■ **Items from a dataset**:

_____

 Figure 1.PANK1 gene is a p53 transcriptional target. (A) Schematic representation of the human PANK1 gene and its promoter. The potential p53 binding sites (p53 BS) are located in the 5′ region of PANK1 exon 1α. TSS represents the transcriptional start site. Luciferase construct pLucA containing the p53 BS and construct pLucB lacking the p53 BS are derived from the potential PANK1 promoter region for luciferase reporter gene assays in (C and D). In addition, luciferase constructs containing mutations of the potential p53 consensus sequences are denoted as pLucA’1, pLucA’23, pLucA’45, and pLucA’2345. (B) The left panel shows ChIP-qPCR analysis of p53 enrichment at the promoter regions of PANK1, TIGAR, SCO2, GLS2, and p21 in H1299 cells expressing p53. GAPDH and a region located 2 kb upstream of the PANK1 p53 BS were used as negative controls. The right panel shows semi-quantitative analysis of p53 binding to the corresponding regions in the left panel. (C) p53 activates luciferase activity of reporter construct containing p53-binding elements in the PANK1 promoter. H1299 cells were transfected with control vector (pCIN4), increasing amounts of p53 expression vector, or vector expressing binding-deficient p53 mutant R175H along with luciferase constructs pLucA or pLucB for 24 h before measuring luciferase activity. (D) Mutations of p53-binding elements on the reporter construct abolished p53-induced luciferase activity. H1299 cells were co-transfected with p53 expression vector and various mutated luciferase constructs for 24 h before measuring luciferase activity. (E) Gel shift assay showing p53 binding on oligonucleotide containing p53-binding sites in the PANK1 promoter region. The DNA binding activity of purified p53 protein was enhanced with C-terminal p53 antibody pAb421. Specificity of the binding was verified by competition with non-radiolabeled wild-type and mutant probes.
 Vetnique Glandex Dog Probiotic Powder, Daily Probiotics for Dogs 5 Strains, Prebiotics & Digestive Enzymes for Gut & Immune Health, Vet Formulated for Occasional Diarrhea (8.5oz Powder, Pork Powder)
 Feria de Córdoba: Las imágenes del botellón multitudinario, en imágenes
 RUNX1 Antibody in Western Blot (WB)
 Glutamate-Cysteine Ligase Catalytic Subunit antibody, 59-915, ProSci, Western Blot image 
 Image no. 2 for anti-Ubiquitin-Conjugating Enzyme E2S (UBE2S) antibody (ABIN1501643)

_____

■ **Task goal**:
Search the entries above for lines containing the word "Western", and copy each one.

■ **Solution to this task**:
 RUNX1 Antibody in Western Blot (WB)
 Glutamate-Cysteine Ligase Catalytic Subunit antibody, 59-915, ProSci, Western Blot image 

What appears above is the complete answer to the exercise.